- DESCRIPTION OF THE TASK
Repeat exactly the line that contains "Příběh pneumatik, které" and every line below it to the end of the material, omitting all others.

- DATA SECTION
+-------+
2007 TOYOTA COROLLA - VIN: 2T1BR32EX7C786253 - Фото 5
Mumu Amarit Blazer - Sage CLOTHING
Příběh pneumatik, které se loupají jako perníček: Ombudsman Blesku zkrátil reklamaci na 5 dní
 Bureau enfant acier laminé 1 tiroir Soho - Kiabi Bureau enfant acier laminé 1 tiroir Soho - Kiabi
+-------+
- WRITTEN SOLUTION
Příběh pneumatik, které se loupají jako perníček: Ombudsman Blesku zkrátil reklamaci na 5 dní
 Bureau enfant acier laminé 1 tiroir Soho - Kiabi Bureau enfant acier laminé 1 tiroir Soho - Kiabi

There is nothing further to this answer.